WHAT IS BEING ASKED: Could you give back every record below exactly, leaving out the pictures?

DATA EXTRACT:
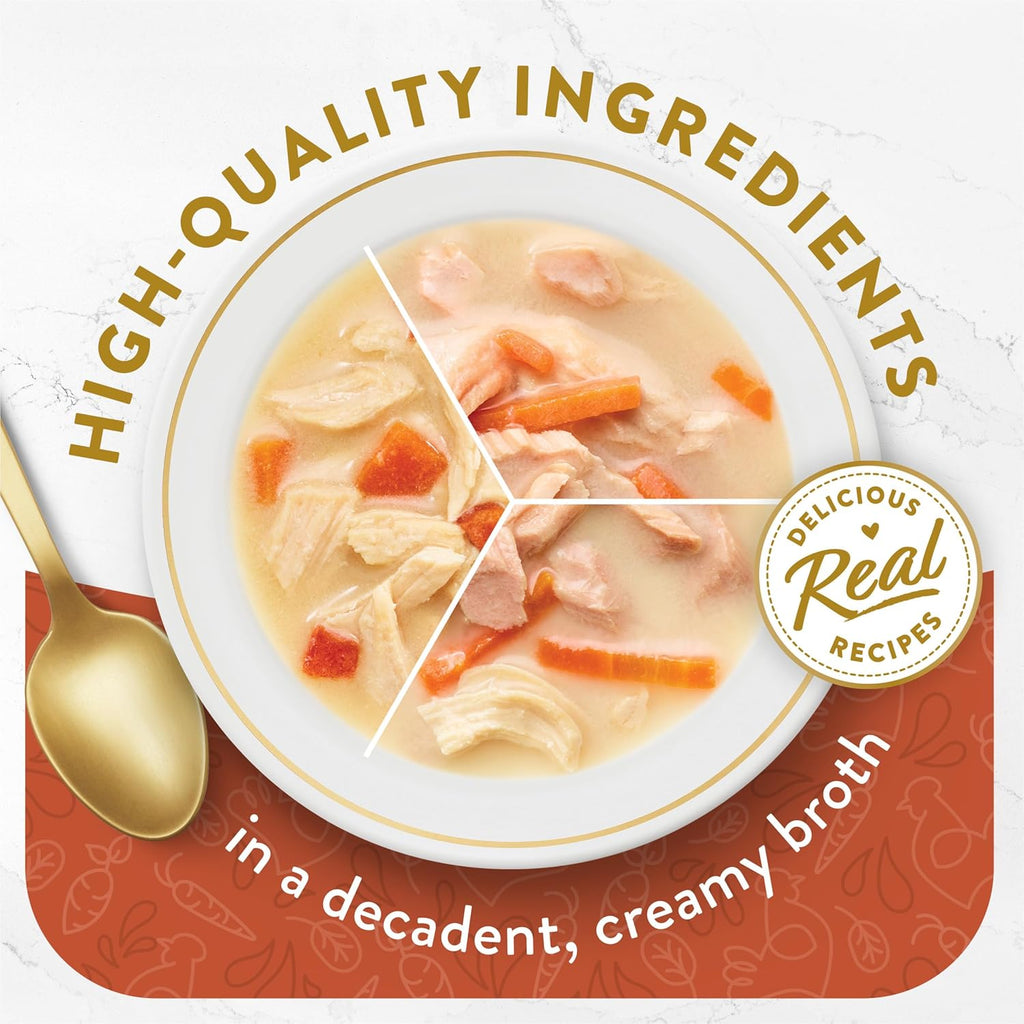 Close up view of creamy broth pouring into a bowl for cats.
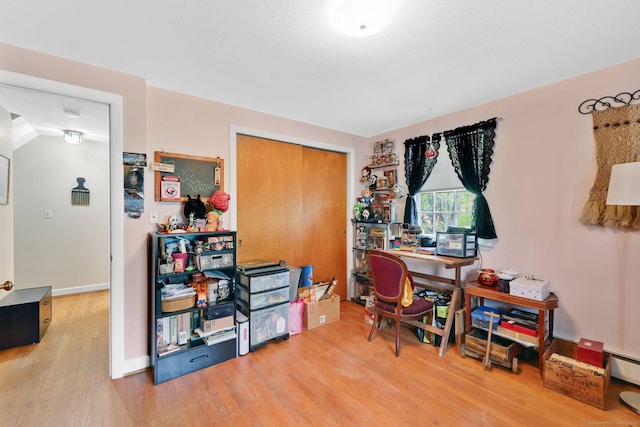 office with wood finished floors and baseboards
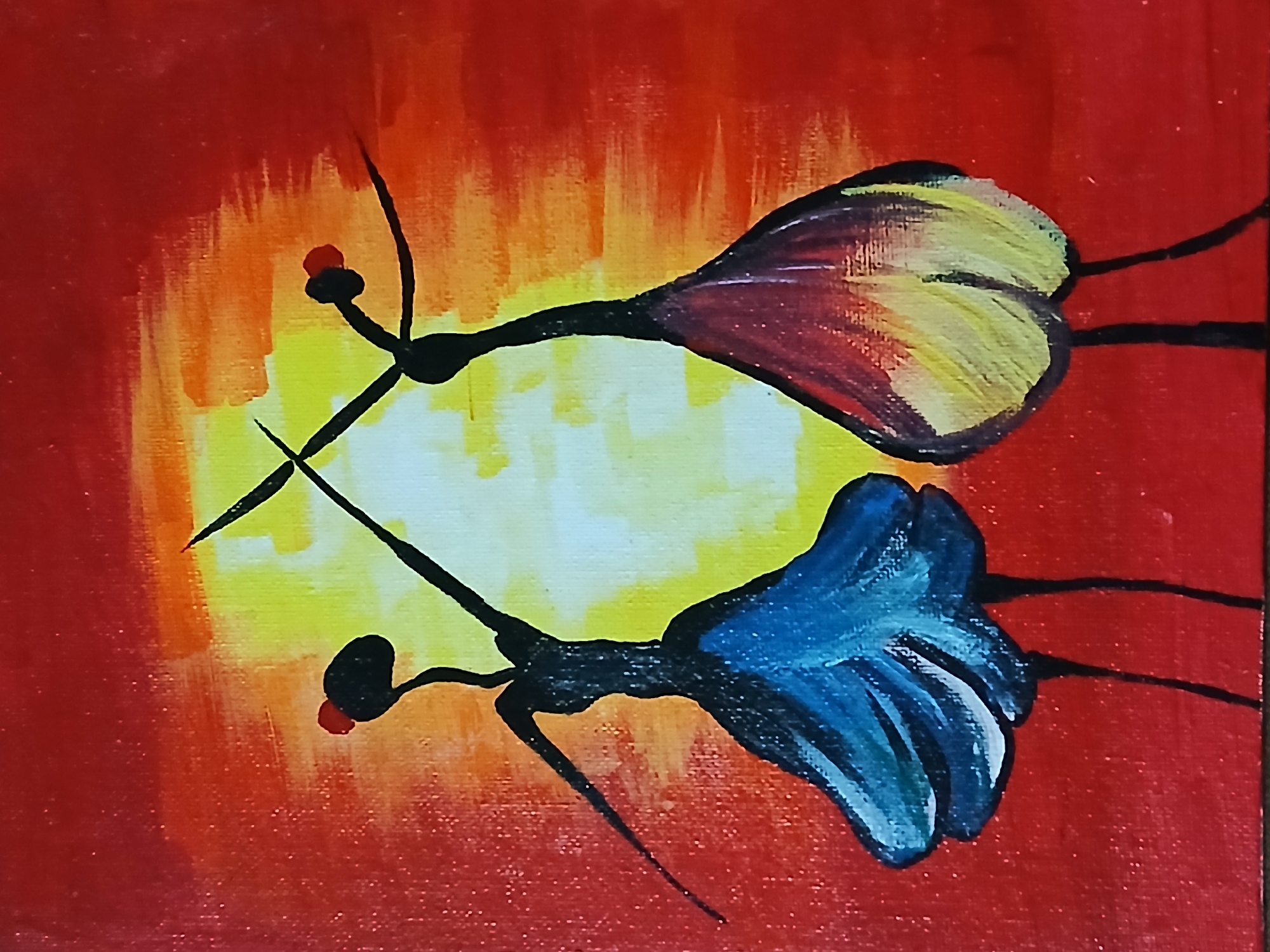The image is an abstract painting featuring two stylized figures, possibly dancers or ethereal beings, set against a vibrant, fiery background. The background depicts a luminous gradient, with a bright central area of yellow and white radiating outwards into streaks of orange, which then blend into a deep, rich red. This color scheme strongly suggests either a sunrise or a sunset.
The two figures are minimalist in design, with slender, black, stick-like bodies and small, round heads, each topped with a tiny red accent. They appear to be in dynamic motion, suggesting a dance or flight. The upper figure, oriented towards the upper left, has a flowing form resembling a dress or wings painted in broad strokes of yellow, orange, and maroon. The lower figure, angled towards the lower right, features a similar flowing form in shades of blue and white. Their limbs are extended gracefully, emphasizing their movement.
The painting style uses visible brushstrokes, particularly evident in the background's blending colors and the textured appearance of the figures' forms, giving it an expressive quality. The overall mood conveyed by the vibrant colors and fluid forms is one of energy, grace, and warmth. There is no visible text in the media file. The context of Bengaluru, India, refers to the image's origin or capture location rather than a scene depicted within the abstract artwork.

TASK RESPONSE:
 Close up view of creamy broth pouring into a bowl for cats.
 office with wood finished floors and baseboards
The image is an abstract painting featuring two stylized figures, possibly dancers or ethereal beings, set against a vibrant, fiery background. The background depicts a luminous gradient, with a bright central area of yellow and white radiating outwards into streaks of orange, which then blend into a deep, rich red. This color scheme strongly suggests either a sunrise or a sunset.
The two figures are minimalist in design, with slender, black, stick-like bodies and small, round heads, each topped with a tiny red accent. They appear to be in dynamic motion, suggesting a dance or flight. The upper figure, oriented towards the upper left, has a flowing form resembling a dress or wings painted in broad strokes of yellow, orange, and maroon. The lower figure, angled towards the lower right, features a similar flowing form in shades of blue and white. Their limbs are extended gracefully, emphasizing their movement.
The painting style uses visible brushstrokes, particularly evident in the background's blending colors and the textured appearance of the figures' forms, giving it an expressive quality. The overall mood conveyed by the vibrant colors and fluid forms is one of energy, grace, and warmth. There is no visible text in the media file. The context of Bengaluru, India, refers to the image's origin or capture location rather than a scene depicted within the abstract artwork.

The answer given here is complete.